Exercise aim - Make an exact copy of all the entries, but do not reproduce the pictures.

Scraped caption text data -
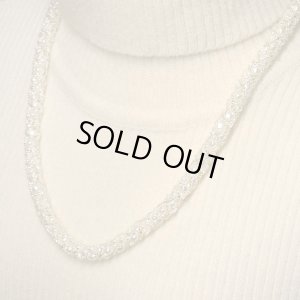 画像2: パールネットネックレス  by 三島累意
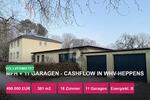 MFH + 11 GARAGEN  CASHFLOW WHV - Mehrfamilienhaus, Wohnhaus Wilhelmshaven Heppens | Angebot:27152283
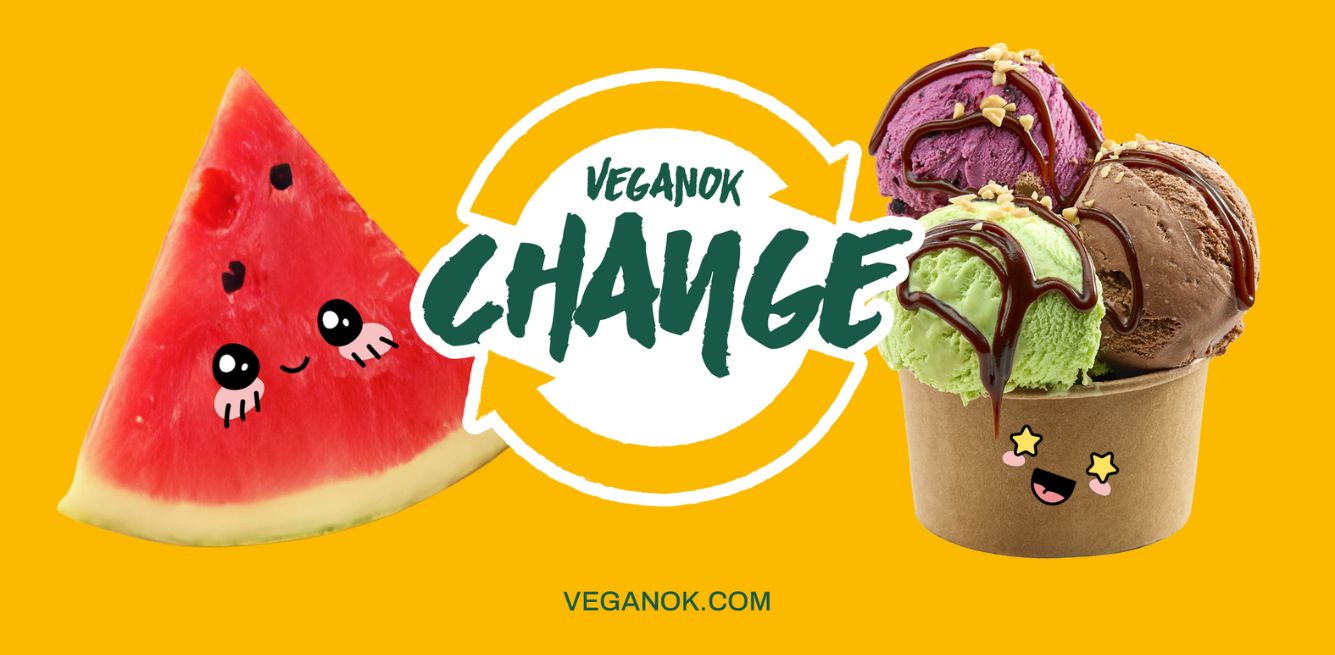 VEGANOK CHANGE Estate 2025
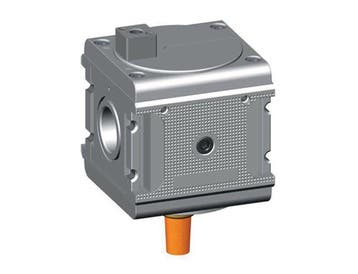3/2 Ventiel G1 Pneumatisch Bediend 14000 l/min Multifix 5, Verzenden, Nieuw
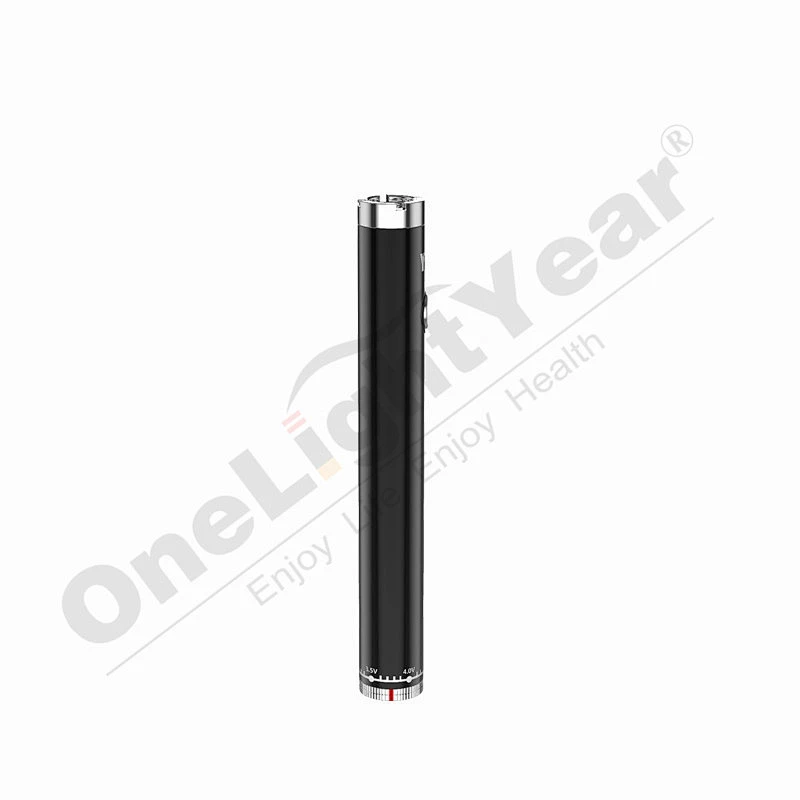 2020 new New packaging Yocan b-Smart 510 slim twist battery with 510 thread charger Battery come from one light year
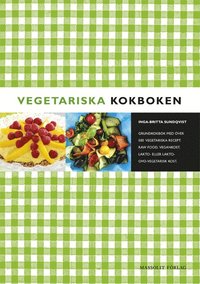 bokomslag Vegetariska kokboken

Completed exercise -
 画像2: パールネットネックレス  by 三島累意
 MFH + 11 GARAGEN  CASHFLOW WHV - Mehrfamilienhaus, Wohnhaus Wilhelmshaven Heppens | Angebot:27152283
 VEGANOK CHANGE Estate 2025
3/2 Ventiel G1 Pneumatisch Bediend 14000 l/min Multifix 5, Verzenden, Nieuw
 2020 new New packaging Yocan b-Smart 510 slim twist battery with 510 thread charger Battery come from one light year
 bokomslag Vegetariska kokboken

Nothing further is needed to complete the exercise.